Элита (в кавычках или без) говорит одно, а делает другое. Формально существуют одни законы, а работают другие. Все это создает и в бизнесе, и в обществе ситуацию неопределенности и неясности. Может быть, пронесет. А может быть, и нет. Может быть, ты договорился. А может быть, они передумают. Даже неформальные законы все время меняются. И если удалось что-то получить — надо бы бежать побыстрее, пока не отняли. Какой уж тут инвестиционный климат! Какая социальная стабильность!

Что делать

Что делать со всеми этими скверными тенденциями? Опрошенные «ДП» эксперты предлагают три очевидных рецепта: уважение к закону, развитие культуры и поиски позитивной самоидентификации. Владимир Васильев приводит в пример дорожные конфликты: «У нас в подавляющем большинстве таких ситуаций сразу происходит обращение на «ты». А это уже определенный сигнал перехода границ. И такое поведение воспринимается как норма. А в Европе люди спокойно выходят, вежливо общаются. Они похожи на старых знакомых». Все потому, что европейцы куда в большей степени уверены в справедливости будущего судебного решения, объясняет эксперт. Кроме того, в западных странах, в отличие от России, за грубое поведение почти наверняка придется отвечать.
В нашей полиции на рассказ о том, что вас оскорбили, ответят, скорее всего, пожатием плеч. Агрессия воспринимается как нечто привычное и неизбежное. А на Западе за оскорбление можно получить реальный срок, и участники ДТП об этом прекрасно знают.
«От государства требуется осмысленная, разумная внутренняя политика. Хотелось бы, чтобы оно уже набрело на какую-то идеологию, какую-то стратегию, чтобы была какая-то программа: кто мы такие, чего мы хотим добиться и что для этого нужно делать, — рассуждает Андрей Константинов. — Иначе получается, что мы плывем непонятно куда и говорим, что плыть — это хорошо. Проблема в том, что государство пока не может определиться: если оно строит олигархический капитализм для немногих, то вслух об этом сказать нельзя. Поэтому складывается странная ситуация. Надо прояснить маршрут, а не получается».

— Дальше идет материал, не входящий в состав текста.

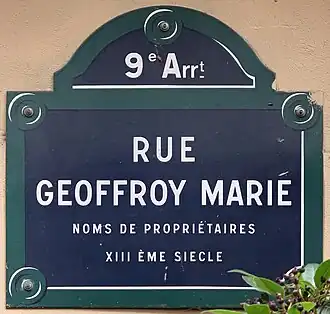 Voir la plaque.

Однако есть основания сохранять оптимизм. Сравнение ни с 1991 годом, ни с 1998-м, по мнению главы Hansa Group Олега Баркова, некорректно: уровень достатка стал заметно выше. В начале 1990-х катастрофические социальные изменения происходили мгновенно, а сейчас — постепенно. И граждане, прошедшие школу как минимум двух кризисов, куда спокойнее проходят через третий.
Говорить о «возвращении 1990-х» неуместно, соглашается Андрей Константинов: «У нас принято прямо увязывать агрессивные настроения с экономическими проблемами. Это неверно. В 1990-е годы экономические проблемы совпали с идеологическим сломом и с эпохой бандитских войн, распределения и перераспределения собственности. Но с тех пор выросло новое, более адаптивное поколение, и нет внутренней криминальной войны, потому что вести эту войну некому и не с кем». Граждане, добавляет Константинов, ведут себя подобающе: «Хотя элита и не подает нравственного примера, народ не ссучивается. Это отрадно».
Вот и Андрей Лушников не собирается усиливать охрану. Объясняет: если завести еще одну собаку, могут отравить, и ее будет жалко намного больше, чем снегоход. Если же дать охраннику пистолет, то последствия могут быть прискорбнее, чем кража. А вот новый снегоход бизнесмен себе непременно купит.